+++ PROVIDED DATA +++

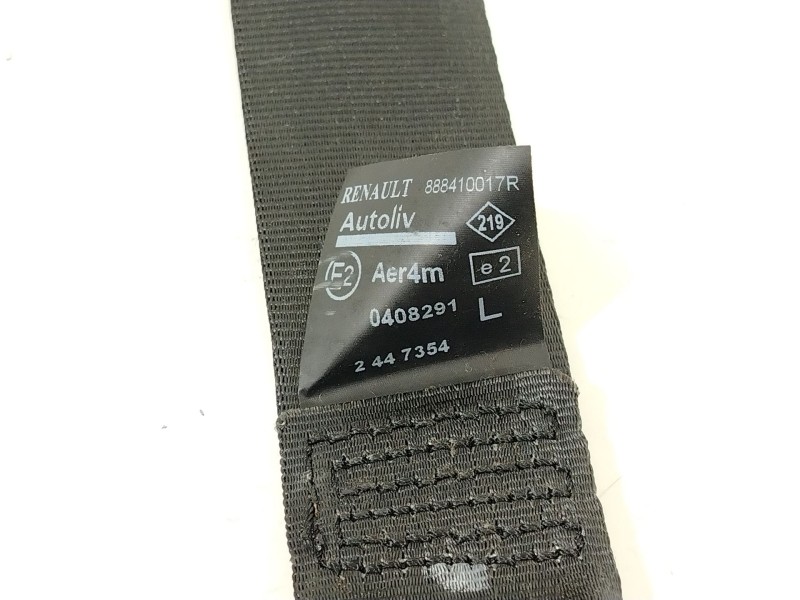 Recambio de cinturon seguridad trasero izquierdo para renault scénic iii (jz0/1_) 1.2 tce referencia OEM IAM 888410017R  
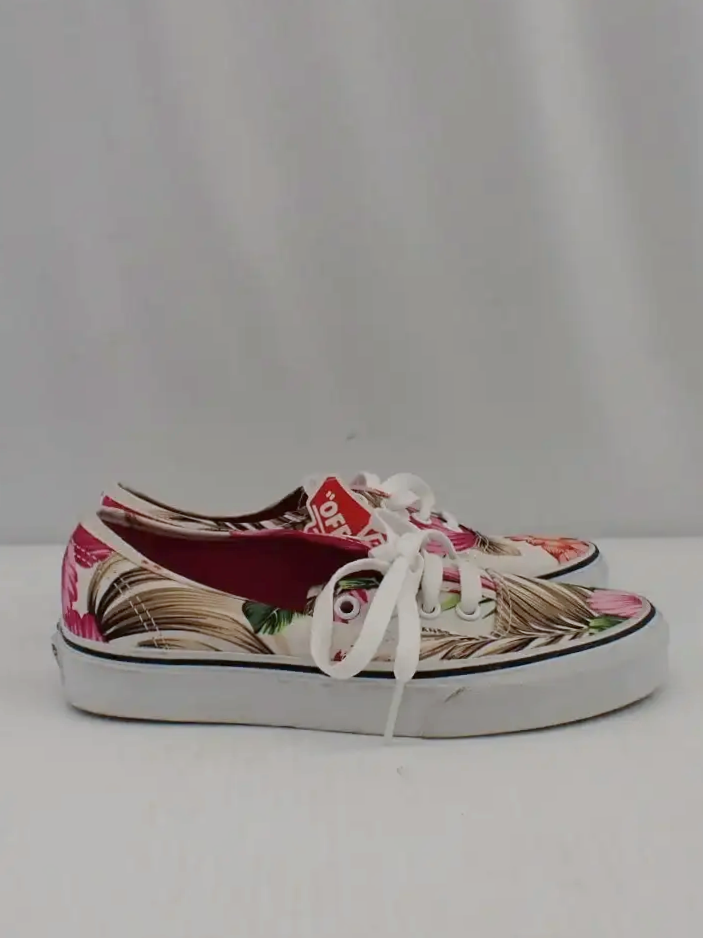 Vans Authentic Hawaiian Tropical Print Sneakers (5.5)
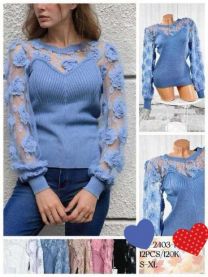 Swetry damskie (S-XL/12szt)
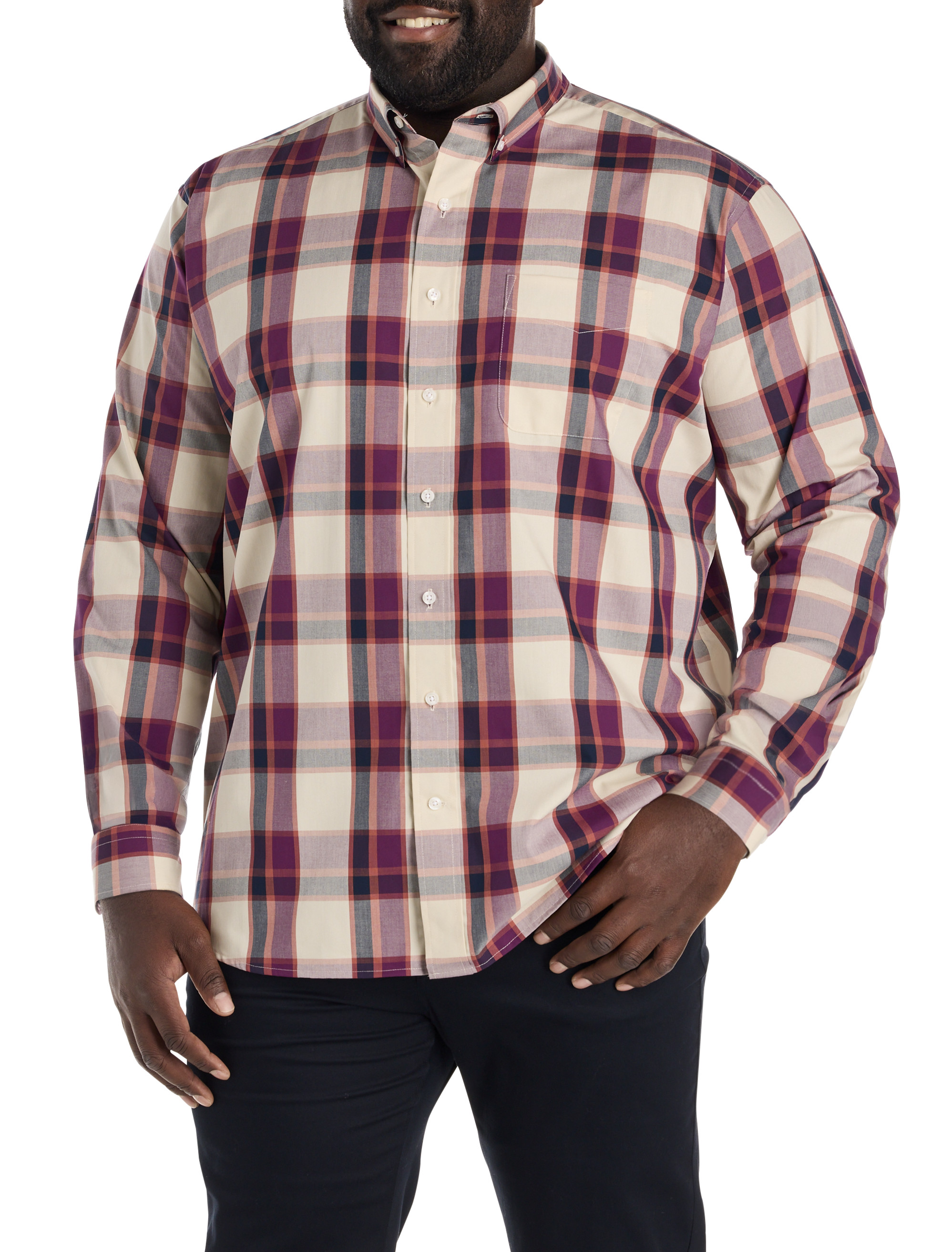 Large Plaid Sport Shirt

+++
+++ PROVIDED DATA +++

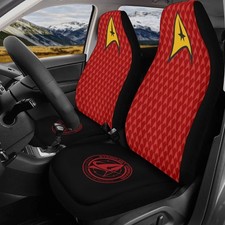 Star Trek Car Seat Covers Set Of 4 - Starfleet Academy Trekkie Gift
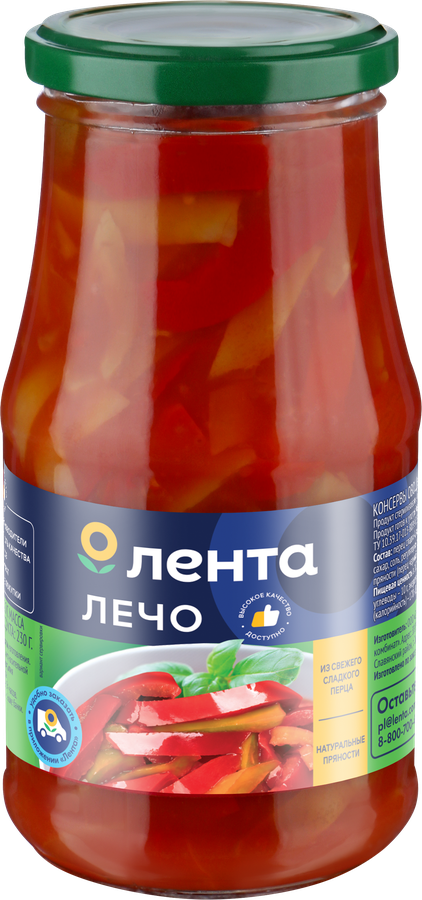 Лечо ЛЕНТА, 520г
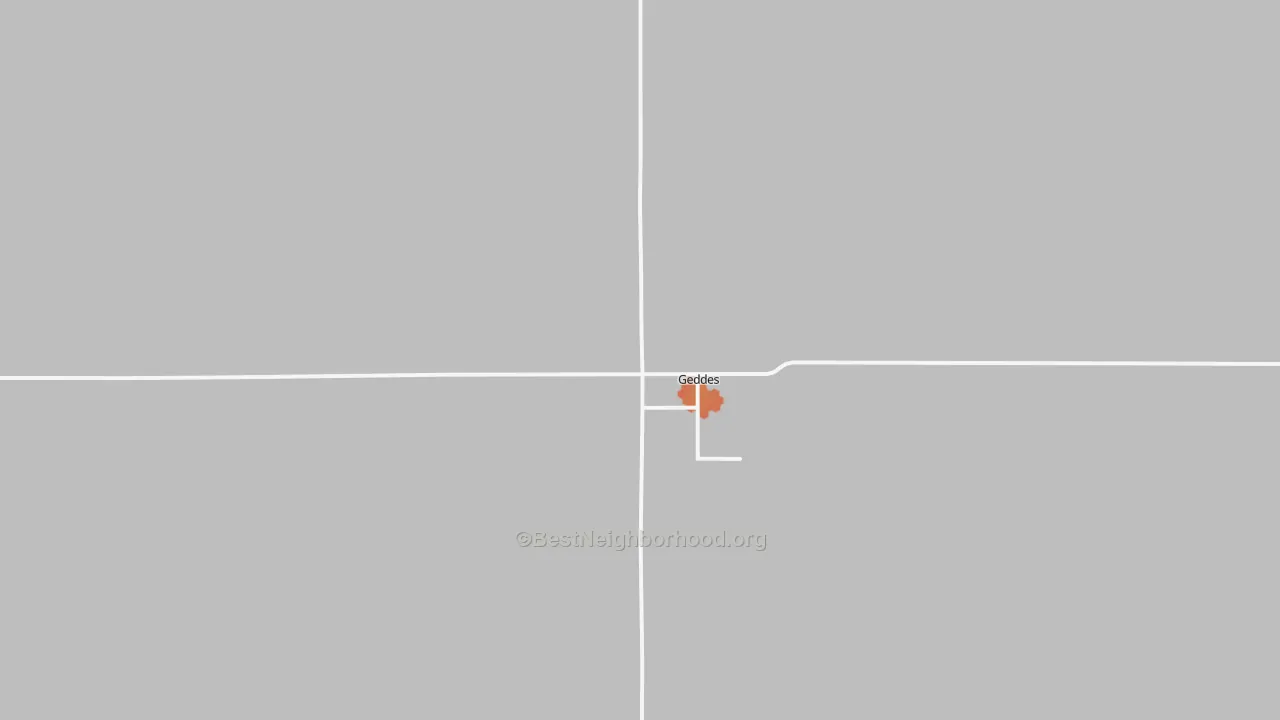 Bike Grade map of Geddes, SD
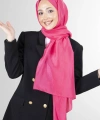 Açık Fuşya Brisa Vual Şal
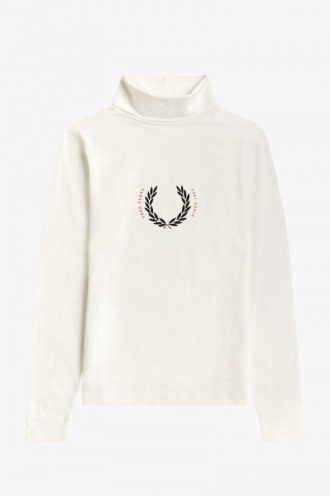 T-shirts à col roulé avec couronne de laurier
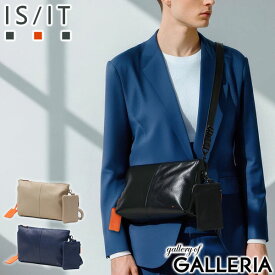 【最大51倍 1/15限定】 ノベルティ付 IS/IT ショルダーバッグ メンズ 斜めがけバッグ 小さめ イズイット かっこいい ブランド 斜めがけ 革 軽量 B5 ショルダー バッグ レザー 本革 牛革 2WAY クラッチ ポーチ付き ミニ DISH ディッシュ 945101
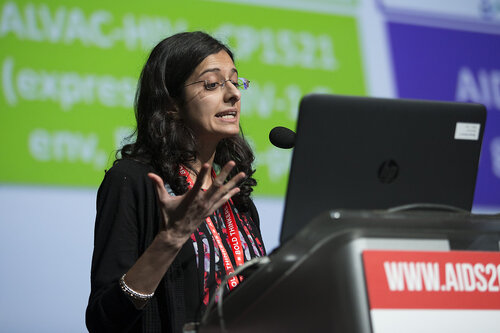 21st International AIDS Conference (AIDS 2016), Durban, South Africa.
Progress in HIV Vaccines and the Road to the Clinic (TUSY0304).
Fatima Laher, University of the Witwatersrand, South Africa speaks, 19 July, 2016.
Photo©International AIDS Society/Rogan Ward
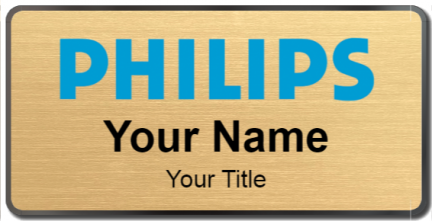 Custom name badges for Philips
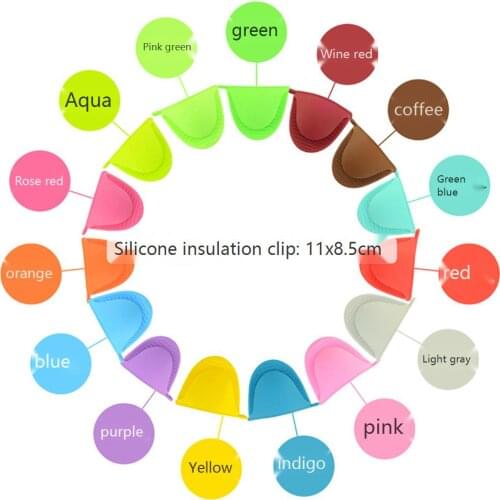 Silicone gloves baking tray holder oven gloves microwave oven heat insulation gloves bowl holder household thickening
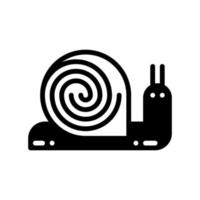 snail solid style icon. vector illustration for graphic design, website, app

+++
+++ PROVIDED DATA +++

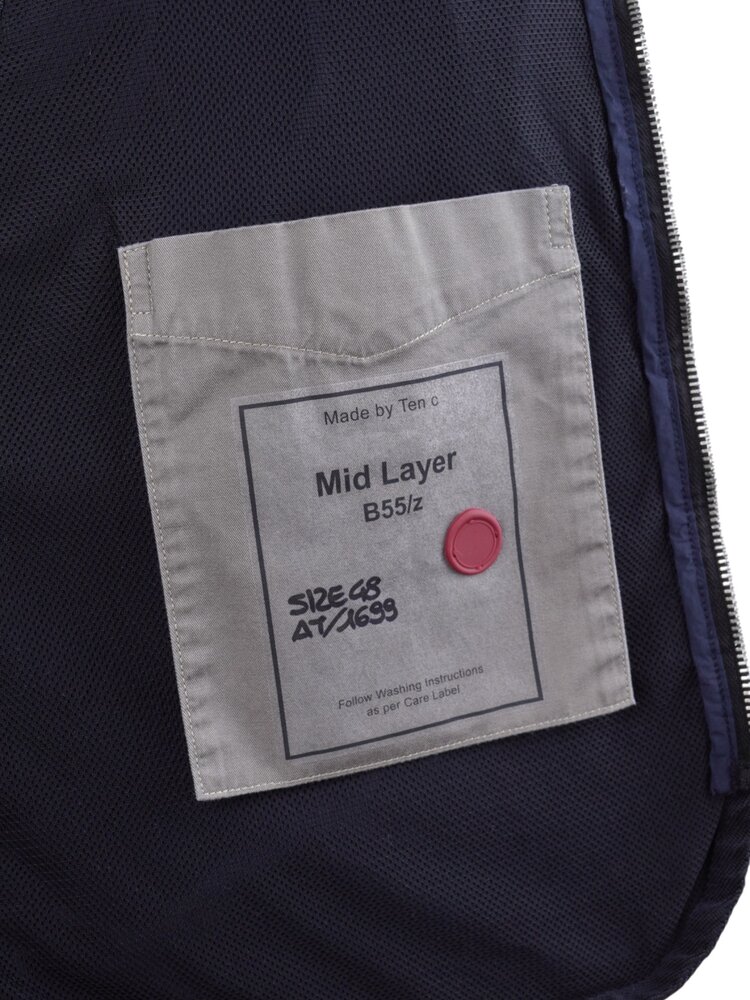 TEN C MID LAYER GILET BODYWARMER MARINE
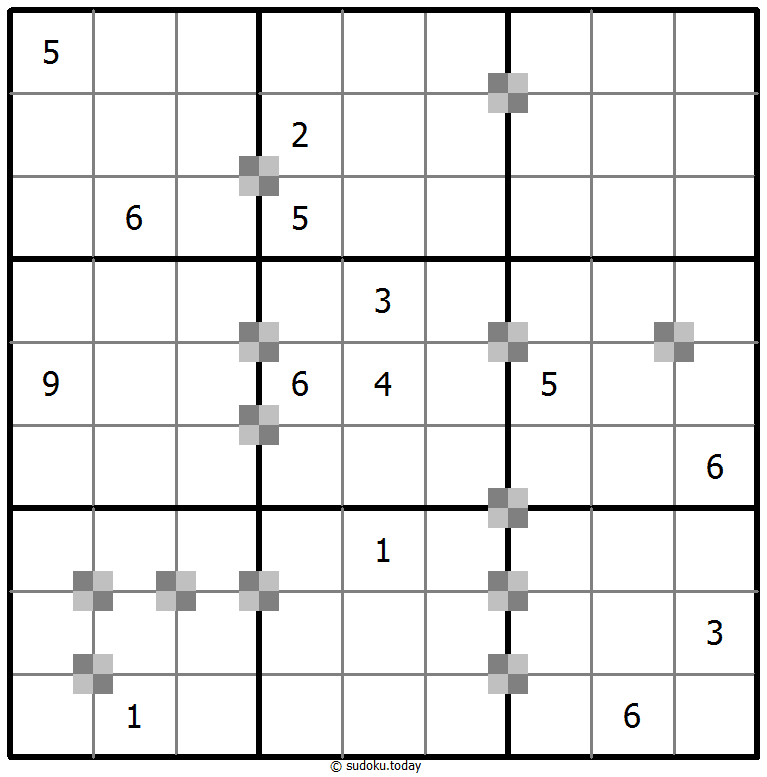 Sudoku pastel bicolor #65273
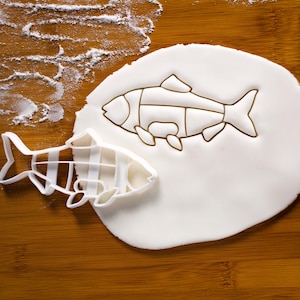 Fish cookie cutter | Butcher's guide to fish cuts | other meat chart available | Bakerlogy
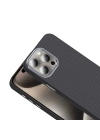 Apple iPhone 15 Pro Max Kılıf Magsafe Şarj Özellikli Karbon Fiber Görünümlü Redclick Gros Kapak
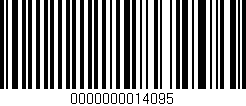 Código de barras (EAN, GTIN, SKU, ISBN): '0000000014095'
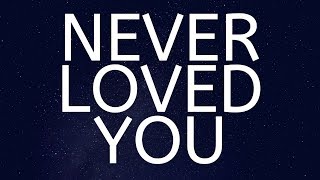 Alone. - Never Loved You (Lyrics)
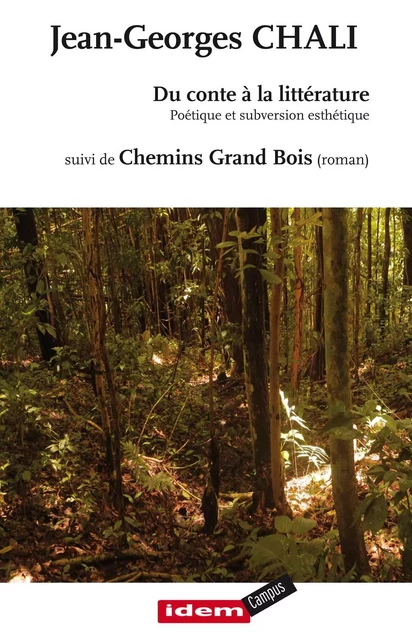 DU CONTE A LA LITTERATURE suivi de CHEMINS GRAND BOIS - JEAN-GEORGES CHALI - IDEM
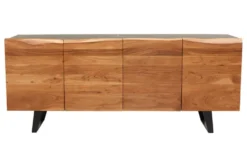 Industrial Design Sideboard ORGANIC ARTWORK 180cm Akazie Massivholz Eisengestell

+++

=== EXERCISE ===
Look above for the line with "DU CONTE A LA"; quote it and every line after it, stopping after the line with "Industrial Design Sideboard", exactly, with nothing added and without pictures.

=== EXERCISE ANSWER ===
 DU CONTE A LA LITTERATURE suivi de CHEMINS GRAND BOIS - JEAN-GEORGES CHALI - IDEM
 Industrial Design Sideboard ORGANIC ARTWORK 180cm Akazie Massivholz Eisengestell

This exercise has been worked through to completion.